5 things I learned training an AI model on every NBA player
It sounded easy. Just train a facial recognition model on every NBA player for the 2017 season. But it was actually really challenging. Here is what I learned that might end up saving you a lot of time.
You need quality facial recognition — I of course recommend Facebox. Its state of the art, and in my tests, performed better than any other commercially available facial recognition tool, including the big cloud vendors (cognitive services). Recognizing a face is one thing, but if you’re going to be spending a day gathering every photo of every NBA player, you don’t want your time wasted training a model that won’t perform very well.
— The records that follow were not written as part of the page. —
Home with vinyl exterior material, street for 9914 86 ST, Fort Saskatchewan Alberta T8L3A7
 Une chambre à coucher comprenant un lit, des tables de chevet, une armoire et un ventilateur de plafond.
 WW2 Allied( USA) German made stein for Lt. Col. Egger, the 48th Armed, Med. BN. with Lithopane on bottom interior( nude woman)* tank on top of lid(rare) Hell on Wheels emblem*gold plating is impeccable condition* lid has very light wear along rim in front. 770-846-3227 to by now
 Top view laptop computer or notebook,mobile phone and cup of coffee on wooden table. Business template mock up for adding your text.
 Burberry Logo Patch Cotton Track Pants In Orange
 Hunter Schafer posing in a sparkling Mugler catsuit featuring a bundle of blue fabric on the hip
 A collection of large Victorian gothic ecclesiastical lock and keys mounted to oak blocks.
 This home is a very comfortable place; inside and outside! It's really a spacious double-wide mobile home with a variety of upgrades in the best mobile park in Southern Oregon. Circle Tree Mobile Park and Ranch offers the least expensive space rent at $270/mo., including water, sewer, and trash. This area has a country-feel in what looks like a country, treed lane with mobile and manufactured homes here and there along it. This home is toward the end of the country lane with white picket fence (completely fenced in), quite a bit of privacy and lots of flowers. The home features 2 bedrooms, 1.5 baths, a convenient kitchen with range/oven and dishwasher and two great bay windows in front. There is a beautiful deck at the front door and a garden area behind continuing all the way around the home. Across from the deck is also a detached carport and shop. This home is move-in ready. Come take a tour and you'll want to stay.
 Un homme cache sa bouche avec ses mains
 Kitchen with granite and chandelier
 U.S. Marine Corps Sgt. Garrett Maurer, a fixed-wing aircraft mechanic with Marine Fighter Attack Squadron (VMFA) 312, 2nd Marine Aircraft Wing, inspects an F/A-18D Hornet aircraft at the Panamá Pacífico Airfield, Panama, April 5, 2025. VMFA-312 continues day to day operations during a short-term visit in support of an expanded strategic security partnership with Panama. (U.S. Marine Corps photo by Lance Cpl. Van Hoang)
Think hard about the reason you’re doing this. Not as an existential quandry, but as a realistic assesment of your use cases. If you’re training a model to detect NFL players while they’re playing football, you might want to think twice about training them with their faces, and maybe thinking more about how their helmets obscure the recognition. When we were training the model to detect US politicians, we used their official portraits as the training set. This worked because in real life, when they’re on camera or in pictures, they’re often using the same facial expressions as they did when they have their professional photos taken. Whereas with NBA players, I noticed that frames from in game footage often feature some hilarious facial expressions, that are so dissimilar to their official NBA portraits that a face recognition technology might have a hard time identifying them.
You also run into issues with sweat, injuries, and a lot of faces pointed away from the camera. Its best to get as much training data as possible to take into account these use cases and scenarios. I used a lot of stills from each player actually playing basketball so that I was able to make sure the model had a good representation of each player’s face in different scenarios.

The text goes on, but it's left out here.